All the while, American Protestants – traditional Baptists and Methodists and Presbyterians - have plodded wearily along as if nothing has been changing.  “Like an aging Southern mistress – living in a decaying mansion on the edge of town, bankrupt and penniless, house decaying around her but acting as if her family still controlled the city – our theologians and church leaders have acted as if we were still in charge, as if the old arrangements were still valid” (Resident Aliens, 29).  Since I left seminary in 1997, stories of ministry in Post-modern America resembling that in the First Century Roman world have circulated.  Like many, I closed my eyes and hoped the prognosticators were wrong.  That day is here.  
            Let there be no doubt - We live in a secular world - Even in the religion soaked south.  No matter what indicators you use, polls, church attendance numbers, decrease in baptisms – it is obvious that the people in the United States who identify themselves as Christians has decreased sharply.  Pollsters call this decrease the rise of the nones – individuals who claim no religion – who mark “none” on their survey responses.  Families simply call this decrease our sons, daughters and grandkids.  Our Baptist children raised in our church nurseries, suckled on GA and RA’s, and toted in church buses around the south have examined the experience with faith they found in our churches and left wanting for more. 
           
Christian Response
The result is a world that feels normal – yet, when we look around everything has shifted.  And we are left with the choice for how we as followers of Jesus will live in this secular world.
            As I listen to preachers and news shows, watch my Facebook newsfeed and talk to friends – I notice three common, Christian responses to this new, secular world.

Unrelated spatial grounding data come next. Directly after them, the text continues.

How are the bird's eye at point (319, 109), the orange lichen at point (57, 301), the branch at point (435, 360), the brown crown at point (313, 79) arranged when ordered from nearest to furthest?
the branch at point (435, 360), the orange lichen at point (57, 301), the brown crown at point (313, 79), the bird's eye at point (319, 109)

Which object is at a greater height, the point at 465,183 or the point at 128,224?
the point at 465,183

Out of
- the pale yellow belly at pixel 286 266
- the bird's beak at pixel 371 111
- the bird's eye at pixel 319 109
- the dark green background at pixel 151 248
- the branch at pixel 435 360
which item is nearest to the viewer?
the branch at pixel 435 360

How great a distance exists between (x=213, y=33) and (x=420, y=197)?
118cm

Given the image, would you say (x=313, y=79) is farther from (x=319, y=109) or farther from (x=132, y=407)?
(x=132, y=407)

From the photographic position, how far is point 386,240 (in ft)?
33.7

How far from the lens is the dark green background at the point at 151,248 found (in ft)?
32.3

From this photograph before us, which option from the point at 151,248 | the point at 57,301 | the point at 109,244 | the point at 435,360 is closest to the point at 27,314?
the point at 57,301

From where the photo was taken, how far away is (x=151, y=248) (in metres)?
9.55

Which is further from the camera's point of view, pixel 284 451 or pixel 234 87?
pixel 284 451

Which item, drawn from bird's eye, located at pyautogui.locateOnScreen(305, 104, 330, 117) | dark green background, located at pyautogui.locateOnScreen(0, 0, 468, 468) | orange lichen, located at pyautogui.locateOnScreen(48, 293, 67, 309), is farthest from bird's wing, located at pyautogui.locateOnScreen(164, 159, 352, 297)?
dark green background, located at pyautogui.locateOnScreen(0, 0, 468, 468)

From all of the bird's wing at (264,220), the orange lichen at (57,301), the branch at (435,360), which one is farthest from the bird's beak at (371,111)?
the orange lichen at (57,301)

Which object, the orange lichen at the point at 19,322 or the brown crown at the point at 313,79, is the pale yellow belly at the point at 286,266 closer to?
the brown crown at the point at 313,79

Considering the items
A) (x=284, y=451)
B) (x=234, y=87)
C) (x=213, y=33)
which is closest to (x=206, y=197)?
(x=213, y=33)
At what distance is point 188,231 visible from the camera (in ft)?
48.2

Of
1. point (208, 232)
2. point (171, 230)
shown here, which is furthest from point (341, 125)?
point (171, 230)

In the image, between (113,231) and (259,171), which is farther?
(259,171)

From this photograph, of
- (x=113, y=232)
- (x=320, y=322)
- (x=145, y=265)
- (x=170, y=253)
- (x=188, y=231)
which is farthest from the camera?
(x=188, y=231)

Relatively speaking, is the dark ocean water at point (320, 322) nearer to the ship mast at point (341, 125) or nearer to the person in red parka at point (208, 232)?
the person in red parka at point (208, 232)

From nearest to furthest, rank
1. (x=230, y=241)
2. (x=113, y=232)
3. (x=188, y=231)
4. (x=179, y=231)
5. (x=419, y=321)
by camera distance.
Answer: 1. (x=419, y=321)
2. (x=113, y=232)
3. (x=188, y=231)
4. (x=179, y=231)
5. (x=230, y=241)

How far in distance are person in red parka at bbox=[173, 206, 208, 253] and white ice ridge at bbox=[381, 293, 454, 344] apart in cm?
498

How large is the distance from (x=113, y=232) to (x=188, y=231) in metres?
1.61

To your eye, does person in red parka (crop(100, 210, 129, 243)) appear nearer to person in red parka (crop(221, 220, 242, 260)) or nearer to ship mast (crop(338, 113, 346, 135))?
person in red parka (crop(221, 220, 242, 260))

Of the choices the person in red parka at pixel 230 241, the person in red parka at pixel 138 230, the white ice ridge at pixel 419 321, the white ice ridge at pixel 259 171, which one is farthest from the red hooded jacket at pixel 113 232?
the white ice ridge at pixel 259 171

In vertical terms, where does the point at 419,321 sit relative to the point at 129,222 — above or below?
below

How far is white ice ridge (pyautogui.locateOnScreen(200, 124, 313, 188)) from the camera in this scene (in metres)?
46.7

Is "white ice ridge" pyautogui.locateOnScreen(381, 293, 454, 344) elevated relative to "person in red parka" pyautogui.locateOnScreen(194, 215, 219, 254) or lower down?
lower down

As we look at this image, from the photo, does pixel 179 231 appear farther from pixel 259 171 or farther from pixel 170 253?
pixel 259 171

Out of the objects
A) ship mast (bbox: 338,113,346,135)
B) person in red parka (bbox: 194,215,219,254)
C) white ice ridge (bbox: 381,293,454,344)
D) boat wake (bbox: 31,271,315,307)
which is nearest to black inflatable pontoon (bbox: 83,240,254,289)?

First – there is fear. We fear change and all that it entails.   And this world shattering shift is one of the greatest changes in any of our lifetimes.  When things change rapidly around us – fear leaps out of the hedges, grabs our throats and won’t let us go.  We begin to fear anything and anybody that is different – different points of view, different colors and kinds of people, different ways of doing things.  Fear has becomes the lens by which many of us view the world. 

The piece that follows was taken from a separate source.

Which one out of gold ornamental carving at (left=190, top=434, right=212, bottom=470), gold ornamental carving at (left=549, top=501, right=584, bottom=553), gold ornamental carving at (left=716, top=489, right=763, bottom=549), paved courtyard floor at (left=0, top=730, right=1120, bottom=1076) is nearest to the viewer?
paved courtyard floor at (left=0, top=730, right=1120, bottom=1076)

Often, this fear materializes as the second Christian response to a secular world:  anger.  Anger is the most visible way Christians respond to our loss of the Christian majority influence in our culture.  We write or share angry posts on social media.  We listen to angry commentators on TV and radio.  And if we wait long enough in a Walmart line or at the barber shop or even venture to read a comments section on an online news article – we will witness anger spring to life. 

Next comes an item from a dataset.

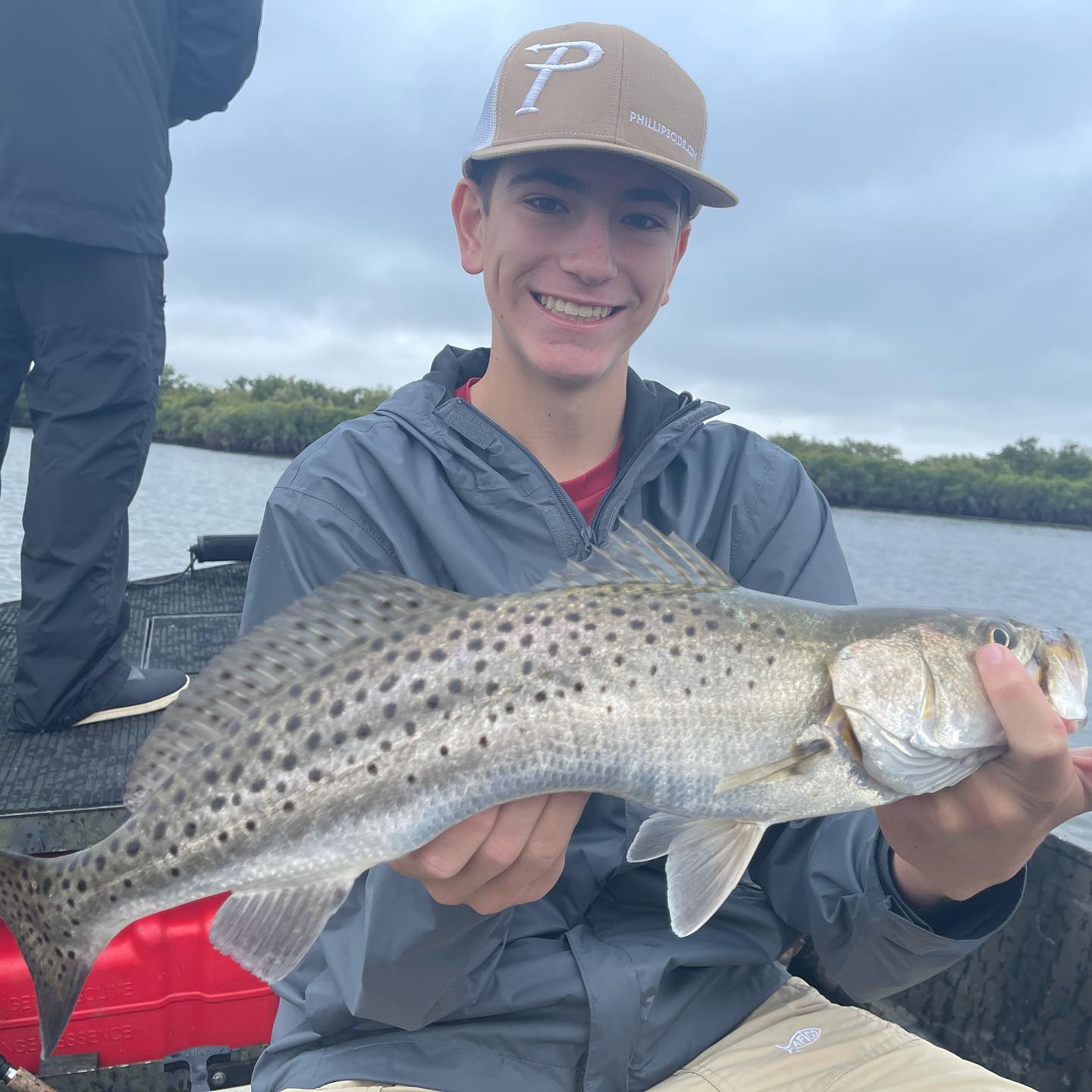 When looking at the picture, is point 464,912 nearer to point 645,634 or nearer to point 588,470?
point 645,634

And then there is one more common Christian response to our secular world:  apathy.  Apathy is the ostrich with its head in the ground; it’s the grown adult with his eyes shut, hands on his ears, babbling to keep from hearing or seeing what is around him.  Apathy withdraws itself from the world – hoping to outlive or ignore the changes happening all around us.  Honestly, some of us have a better chance of outliving this shift – withdrawing into our homes – but for most of us – living in this new, secular world cannot be stopped. 

Gospel Response
            Fear, anger and apathy are the common Christian responses our secular world – yet, they are not the biblical response.  In our humanness, we exhibit fear, anger and apathy – yet, the Gospel communicates a clearly different Christian response to the secular world. 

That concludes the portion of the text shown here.